Au début du XXe siècle, la visite évolua avec l’arrivée du métro : deux sections furent proposées via les collecteurs du Centre ou de Petits-Champs. Les parcours combinaient bateau et wagon électrique, comme celui reliant le quai du Louvre à Arts et Métiers. Pendant la Seconde Guerre mondiale, les égouts, devenus un réseau stratégique sous occupation militaire, abritèrent des résistants (comme le PC Rol-Tanguy à Denfert-Rochereau) et servirent d’abris. Les visites reprirent en 1946 depuis la place de la Concorde, avec un trajet en bateau jusqu’à la Madeleine.
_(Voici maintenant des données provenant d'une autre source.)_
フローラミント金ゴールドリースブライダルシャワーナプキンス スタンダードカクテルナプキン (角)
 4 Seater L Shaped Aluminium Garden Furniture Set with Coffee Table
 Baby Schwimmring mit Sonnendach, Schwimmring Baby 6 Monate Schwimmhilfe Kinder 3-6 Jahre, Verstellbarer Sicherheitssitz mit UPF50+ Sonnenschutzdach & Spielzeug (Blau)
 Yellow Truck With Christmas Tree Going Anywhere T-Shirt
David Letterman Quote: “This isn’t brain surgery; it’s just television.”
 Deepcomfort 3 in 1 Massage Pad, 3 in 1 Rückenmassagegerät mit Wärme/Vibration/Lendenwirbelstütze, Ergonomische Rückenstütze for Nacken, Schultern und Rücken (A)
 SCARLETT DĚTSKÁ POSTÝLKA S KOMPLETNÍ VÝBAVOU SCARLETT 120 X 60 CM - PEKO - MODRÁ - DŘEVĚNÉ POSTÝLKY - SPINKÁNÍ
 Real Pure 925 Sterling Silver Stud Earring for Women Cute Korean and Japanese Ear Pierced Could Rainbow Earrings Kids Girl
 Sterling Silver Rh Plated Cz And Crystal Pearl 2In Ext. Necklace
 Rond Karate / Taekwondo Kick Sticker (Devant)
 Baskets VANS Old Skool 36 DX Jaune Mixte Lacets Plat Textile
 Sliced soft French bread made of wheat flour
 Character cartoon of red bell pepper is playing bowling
En 1975, le musée prit sa forme actuelle dans l’usine Alma, abandonnant les parcours en bateau pour une exposition permanente sur 500 mètres de galeries. Réaménagé en 1989, il accueillait près de 95 000 visiteurs en 2007, avant une fermeture pour rénovation en 2018. Rouvert en octobre 2021 après des travaux de 2 millions d’euros, il propose désormais un parcours accessible, incluant un pavillon d’accueil et des espaces pédagogiques sur la gestion des déchets. Le musée reste vulnérable aux crues de la Seine, fermant dès que le niveau atteint le pied du Zouave du pont de l’Alma.
Le parcours actuel, d’une durée de 45 à 60 minutes, traverse des galeries en fonctionnement comme la galerie Brunesseau (du nom de l’inspecteur qui cartographia les égouts au XIXe siècle) ou la galerie Belgrand, dédiée aux outils de curage historiques. D’autres espaces rendent hommage à des figures comme Hugues Aubriot (créateur du premier égout voûté en 1370) ou Adolphe Mille (promoteur de l’épuration agricole des eaux). Le musée allie histoire technique et enjeux contemporains, rappelant que les égouts ne sont pas des poubelles.
L’usine Alma, cœur du musée, illustre le fonctionnement d’un siphon et d’un nœud du réseau géré par le SIAAP. Les visiteurs découvrent les bassins de dessablement, les vannes de curage, et les horloges pneumatiques, tandis que des panneaux expliquent les risques liés aux égouts et le rôle des égoutiers. La température moyenne de 13°C et l’humidité constante rappellent les conditions réelles de ce réseau unitaire, gravitaire et visitable, essentiel à l’assainissement de Paris depuis le XIXe siècle.